Problem requirements – Within the listing below, give again exactly the lines between the one containing "Elena García, ingeniera" and the one containing "Toyota Yaris 1.5", inclusive, pictures left aside.

*** Opening of Study material ***

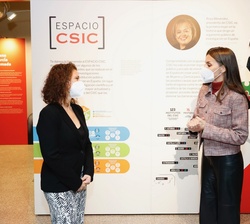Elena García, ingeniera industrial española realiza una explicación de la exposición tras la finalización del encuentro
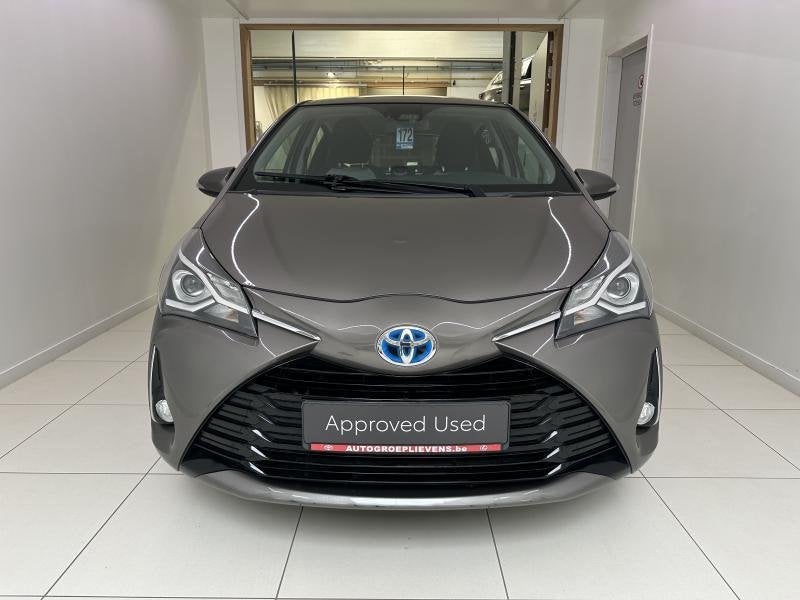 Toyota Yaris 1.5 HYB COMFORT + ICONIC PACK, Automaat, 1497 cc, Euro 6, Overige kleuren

*** Close of Study material ***
*** Opening of Study material ***

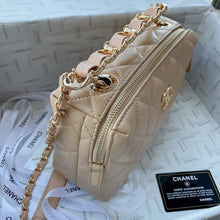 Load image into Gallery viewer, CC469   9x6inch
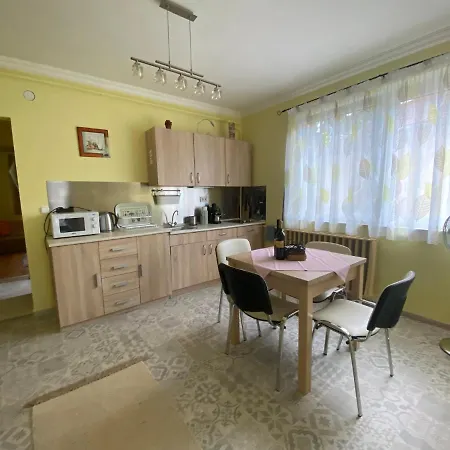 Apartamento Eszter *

*** Close of Study material ***
*** Opening of Study material ***

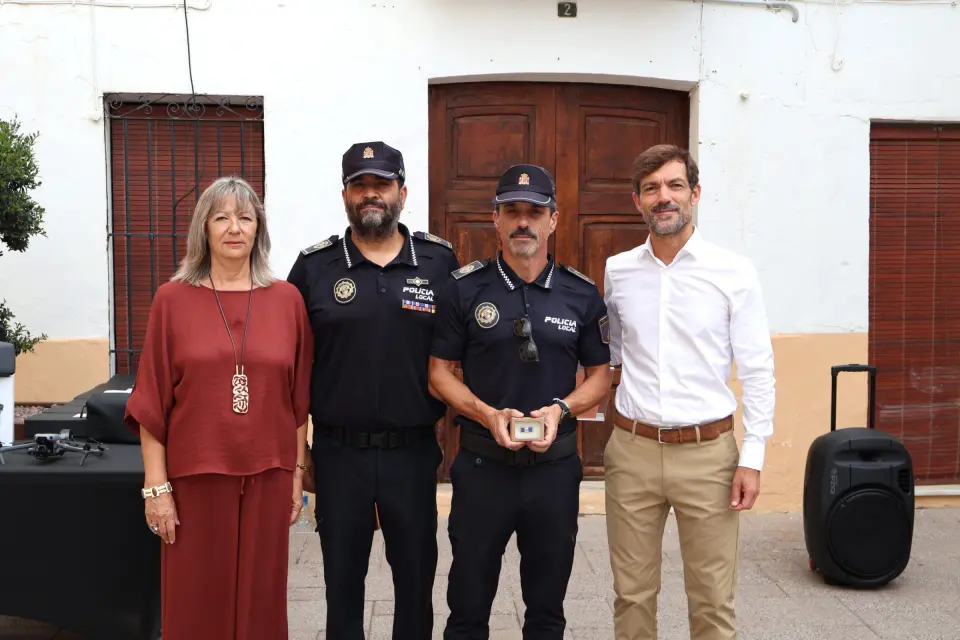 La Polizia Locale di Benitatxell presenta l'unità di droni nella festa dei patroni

*** Close of Study material ***

Response box –
Elena García, ingeniera industrial española realiza una explicación de la exposición tras la finalización del encuentro
 Toyota Yaris 1.5 HYB COMFORT + ICONIC PACK, Automaat, 1497 cc, Euro 6, Overige kleuren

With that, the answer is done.